— Caption-style text data —
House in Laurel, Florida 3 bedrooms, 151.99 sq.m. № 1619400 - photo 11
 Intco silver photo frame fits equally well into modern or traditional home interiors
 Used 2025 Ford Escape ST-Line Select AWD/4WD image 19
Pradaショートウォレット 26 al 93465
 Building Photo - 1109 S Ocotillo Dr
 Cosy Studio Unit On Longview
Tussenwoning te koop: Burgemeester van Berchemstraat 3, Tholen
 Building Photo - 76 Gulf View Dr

— What you need to do —
Print the lines of the entries, exactly, from the one containing "Intco silver photo" down to the final line, and leave out all the others.

— Answer box —
 Intco silver photo frame fits equally well into modern or traditional home interiors
 Used 2025 Ford Escape ST-Line Select AWD/4WD image 19
Pradaショートウォレット 26 al 93465
 Building Photo - 1109 S Ocotillo Dr
 Cosy Studio Unit On Longview
Tussenwoning te koop: Burgemeester van Berchemstraat 3, Tholen
 Building Photo - 76 Gulf View Dr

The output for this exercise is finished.